Water is essential for life, but there are so many other factors. In each solar system, there’s a habital zone. Too far away, you freeze, too close you burn up. There’s the position of your solar system in the galaxy. Too close or too far away from the center and it will not support life. You need large planets surrounding you to take hits from the debris. The crust of a planet comes into play, it has to be the right composition. You have to have the right type of sun and the right size moon to control gravitation.
All told the odds of there being intelligent life on another plan is 10 to the power of 15 which is enough to make me conclude there’s no intelligent life in our galaxy. One hundred billion star systems v. odds of 1 in a 1,000 trillion of the presence of intelligent life.
While I would never speak for the Universe (it’s a big place, so the 1 in a 1,000 trillion could come true out there.) The odds are mind boggling that you’d have 2 planets, let alone 12 or 15 or several hundred and given the vastness of our own galaxy, it really doesn’t matter if there’s intelligent life somewhere else, we’ll never see them.

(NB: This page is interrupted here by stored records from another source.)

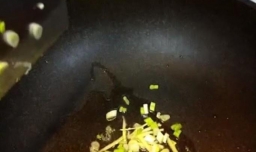 白萝卜焖牛腩的做法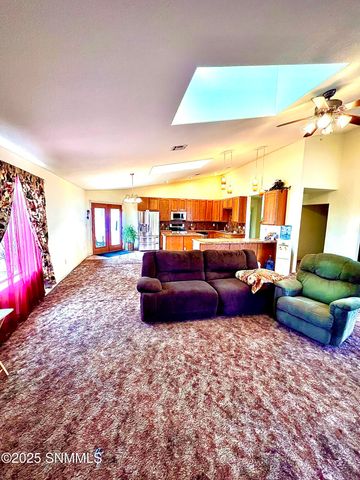 98 Derbyshire Road, Tularosa, NM 88352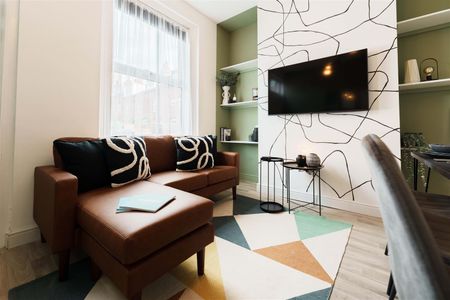 Harold Grove, Hyde Park, LS6 1LB, Leeds - Photo 3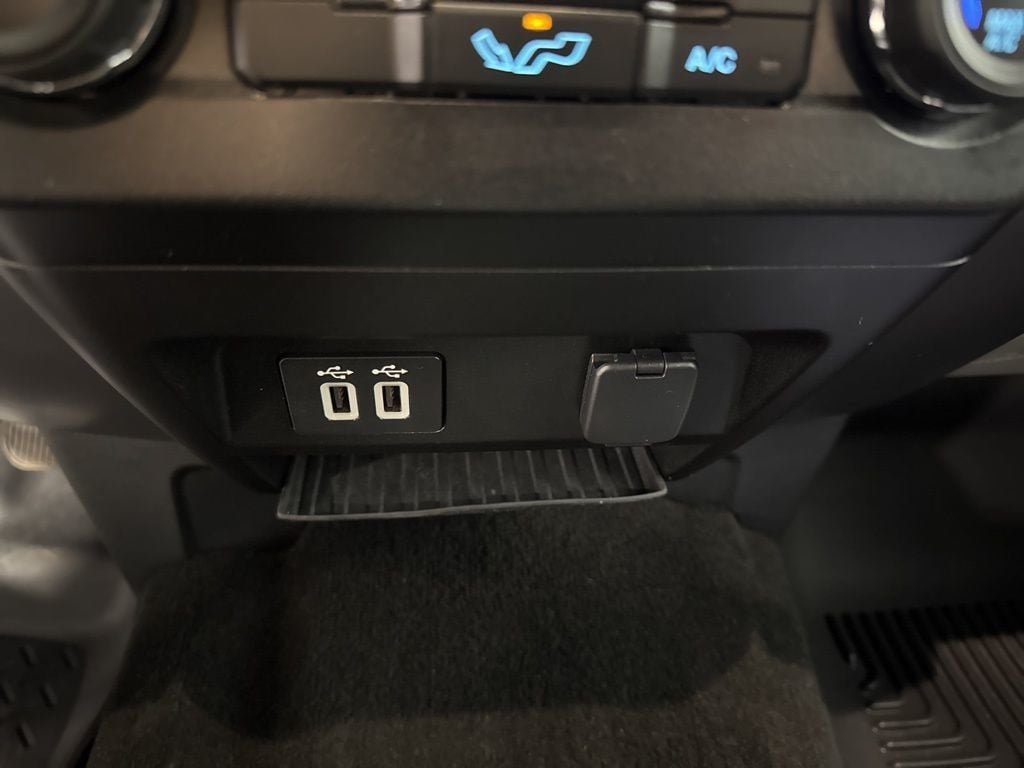 2020 Ford F-150 XLT - 22996363 - 20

I think it does and what I find revealing about this conversation is that the alien life thing really seems to be your substitute for God. You’ve argued for intelligent life that breathes helium or nitrogen when we’ve never found such a creature. Despite SETI’s work for decades, we really have no proof of aliens, but you believe "they’re out there." With the main argument that they could be if physics and life as we know it were entirely different in some other part of the galaxy.